Mexican craft brewery

Baja Brewing Company is a craft brewery located in San Jose del Cabo, Baja California Sur, Mexico.

==History==
Baja Brewing Company was founded by Jordan Gardenhire and his father Charlie Gardenhire in 2007. The father-son duo moved to Los Cabos, Mexico from Colorado and opened the Baja Brewery in the town of San Jose del Cabo.
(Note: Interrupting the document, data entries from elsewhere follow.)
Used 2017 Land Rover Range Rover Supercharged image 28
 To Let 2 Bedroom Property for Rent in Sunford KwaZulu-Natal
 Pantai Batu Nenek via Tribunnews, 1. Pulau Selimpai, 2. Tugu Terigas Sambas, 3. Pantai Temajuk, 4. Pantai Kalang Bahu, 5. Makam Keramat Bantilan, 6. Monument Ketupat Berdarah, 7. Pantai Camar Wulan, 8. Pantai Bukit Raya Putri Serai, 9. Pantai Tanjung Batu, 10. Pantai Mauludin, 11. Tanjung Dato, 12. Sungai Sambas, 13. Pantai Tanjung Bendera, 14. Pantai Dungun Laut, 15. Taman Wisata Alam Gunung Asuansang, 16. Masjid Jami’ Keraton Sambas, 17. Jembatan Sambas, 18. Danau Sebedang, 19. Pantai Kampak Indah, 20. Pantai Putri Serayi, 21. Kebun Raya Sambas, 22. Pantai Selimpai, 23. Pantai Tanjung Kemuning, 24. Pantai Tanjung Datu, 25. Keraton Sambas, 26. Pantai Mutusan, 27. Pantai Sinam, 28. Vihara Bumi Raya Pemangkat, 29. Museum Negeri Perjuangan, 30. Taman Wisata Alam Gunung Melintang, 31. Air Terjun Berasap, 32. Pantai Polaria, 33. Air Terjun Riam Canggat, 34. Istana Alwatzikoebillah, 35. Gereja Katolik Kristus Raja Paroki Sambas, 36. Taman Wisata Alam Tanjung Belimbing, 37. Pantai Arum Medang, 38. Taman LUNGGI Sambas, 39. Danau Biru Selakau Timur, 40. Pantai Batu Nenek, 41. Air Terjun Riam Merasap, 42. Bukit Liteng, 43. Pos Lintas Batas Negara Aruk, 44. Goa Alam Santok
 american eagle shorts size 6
Baja Brewing Company was established as the first brewery in the state of BCS. A third partner Robert Kelly became involved to open and manage the three Baja Brewing Company restaurants located in San Jose del Cabo and Cabo San Lucas.
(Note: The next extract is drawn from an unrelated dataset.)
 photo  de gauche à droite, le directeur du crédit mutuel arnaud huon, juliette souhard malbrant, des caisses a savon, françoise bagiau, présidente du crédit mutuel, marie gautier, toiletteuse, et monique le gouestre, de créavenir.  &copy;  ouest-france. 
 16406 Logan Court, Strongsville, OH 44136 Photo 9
In December 2014 the company organized "the first craft beer festival in Cabo, bringing in 10 breweries from throughout Mexico."

==Brands==

The company produces 8 styles of draft beer and 6 styles of bottled beer that are sold throughout Mexico. Draft brands available for regional consumption include Baja Blond, Baja Razz, Escorpion Negro (black scorpion), Peliroja Red (Redhead Red), Peyote Pale Ale, Baja Oatmeal Stout, Cactus Wheat and Mango Wheat.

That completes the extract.